I myself own garments, not with your petty and false descriptions, but commands! My glow-in-the-dark underwear with “Kiss Me!” written on it has found sadly little use, but everyone loves a “Kiss the Cook!” apron.
Er, how can you tell that “they’ve probably never even done the activity”? The only indicator you’re using is body, so unless you see plenty of paraplegic people wearing clothes like that, it’s doubtful you could know.
Heh. Back in the late seventies, I had a T-shirt which read, “Let’s Boogie.” I can assure you all that I have neverboogied in this lifetime . . . nor any other.
Well, to be honest, the shirt was the only good thing I got out of a relationship with a hatchet faced bitch. She went to Australia for 6 weeks, and brought me back 2 things
The t-shirt
A half used bottle of CK for men (I asked who used it, and she said she did. Lying whore. She dumped me the next day.)
And no, I’m not bitter I’m with the bestest girlie in the world now and I still have a kick-ass t-shirt. She could have been swallowed into a hellmouth for all I care
Many of you seem to of misunderstood my original post. I meant people that wear shirts calling themselves life guards when they arn’t just to look cool or something. Wearing shirts for say the Redskins or comic book heros that you have a personal liking for or that are special to you. It words on shirts especially largly written name brands that bothers me.

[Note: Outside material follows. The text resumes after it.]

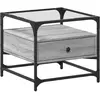 vidaXL Table basse avec dessus en verre sonoma gris 50x50x45 acier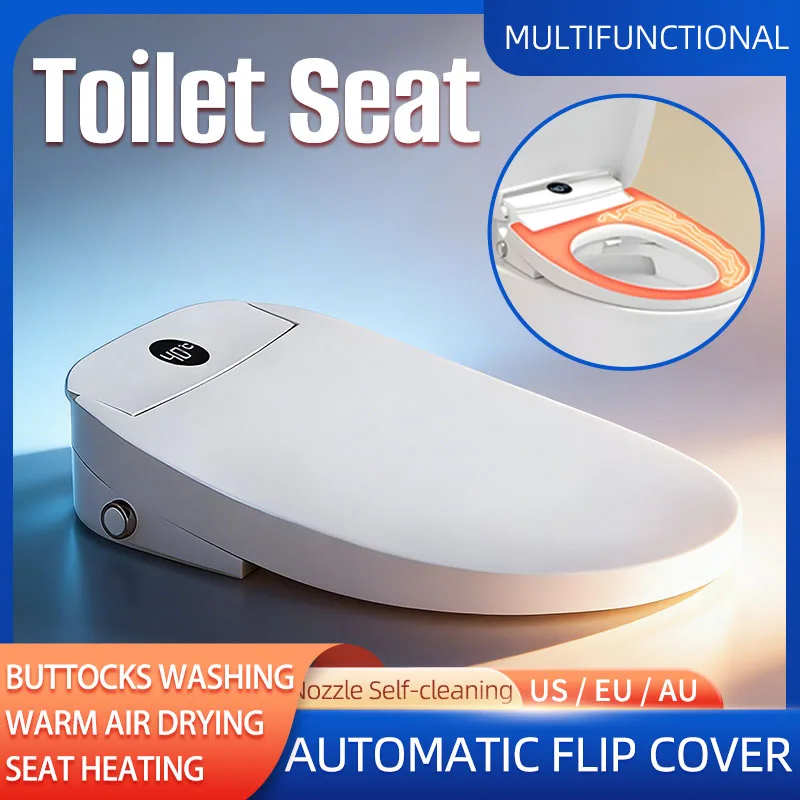 Automatic Flip Cover Silent Soft Close Intelligent Remote Control Electric Smart Toilet Seat Heating Buttocks Washing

Many of you seem to of misunderstood my original post. I meant people that wear shirts calling themselves life guards when they arn’t just to look cool or something. Wearing shirts for say the Redskins or comic book heros that you have a personal liking for or that are special to you. It words on shirts especially largly written name brands that bothers me.
Oh and kudos to to TwisofFate for not only having a shirt saying “Grease Me Up, Woman!” but wearing it as well.